Yes, I could. I have a coffee maker, CNN, piano, violin, banjo and a sweeper. I always have something to do inside and out. Last night after choring, I pulled cut trees and limbs back out of the fence row and field in the pouring rain while I thought about Chewie's family and how tough they have it right now. And I thought about the hundreds of others from the HT community doing similar things and thinking about their family too. I know that I am drifting here, but I can do what I need to keep busy and do what the team needs when needed.


----------



## Annsni (Oct 27, 2006)

I would have no problem staying inside and would do so just so that the police wouldn't have to worry about me being out there getting in the way. Even if I were armed, the police have a very tough job with this and NEED the streets and yards to be clear of civilians so that they can take them out if they need to. I would be no hero to run out there and try to shoot this kid who has already killed 4 people and injured dozens of others - even within the last 12 hours. I want the police to focus on the job at hand - not some do-gooder trying to help!
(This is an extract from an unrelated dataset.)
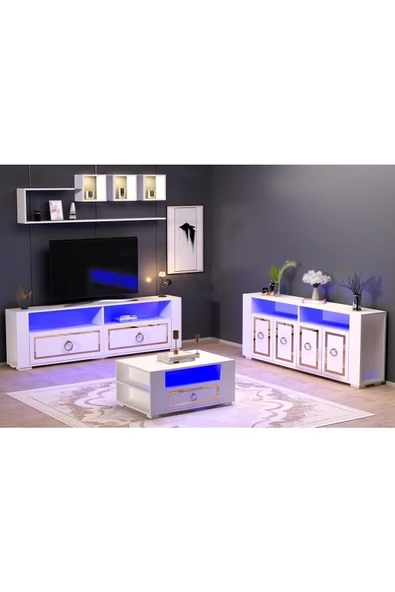 DemonteHome  Calvindh Led Aydınlatmalı Spot Işıklı Tv Ünitesi Orta Sehpa Ve Konsol Takımı Beyaz Altın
I don't have any outside animals and I have all I need in my home. My only problem would be that not all of our windows/doors are covered so I would most likely staple some sheets up over the windows just in case. But otherwise, it would be life as usual - just inside.


----------



## Jenstc2003 (Apr 4, 2012)

I would have no real problem with it- the dog can do his business inside if the circumstances warranted, and thankfully I don't have any animals outdoors to deal with. Even if I did, though, it would be a situation where I would only go out to do absolute essentials- like feeding if all of their food likely to be empty or water if that was likely to be empty. The police, as others have said, don't usually ask for this for no reason and have to be able to focus on their jobs without unneeded distractions. No, I wouldn't LIKE it, and would fully expect that it was done only under true emergencies which I would probably verify were true, but it could be done.


----------



## farmersonja (Mar 9, 2013)

The dog would have to go out at some point to go to the bathroom, and you better believe that I would be armed. Other than that, I could stay inside. We do not have livestock right now.


----------



## Trisha in WA (Sep 28, 2005)

No I could not stay indoors from sun up to sun down. I have a cow to milk and other animals to feed. It would be horrible for my dogs to stay indoors as well. They would hold their bathroom needs to such a degree that it would be cruel to them. They are well trained to not go in the house.


----------



## jwal10 (Jun 5, 2010)

In this case you have no choice unless you want to be arrested. Some of the reasons for not living in a city. If a big enough risk it could happen in the country. Easy to say you would not but when it comes down to being shot if you do not do as told, most will obey when it is truly needed. I am a first responder and have had to keep people inside. Gas leak is a good example, 1 mistake and someone could blow up the neighborhood. We had chlorine gas at the waterplant, we moved people for their own good when there was a leak.We had people resist at gunpoint but IF they would have done as they wanted they would have died. There are times when it has to be done, like it or not....James


----------



## GREENCOUNTYPETE (Jul 25, 2006)

A number of years ago we had a number of rail cars derail in a small Wisconsin town , all full of propane gas , and a fire , the were anticipating a blast the size of the one in West Tx , all were evacuated , the few farms close by included the cows missed morning milking but , by mid afternoon the few farmers were escorted back to their farms to milk then escorted back out.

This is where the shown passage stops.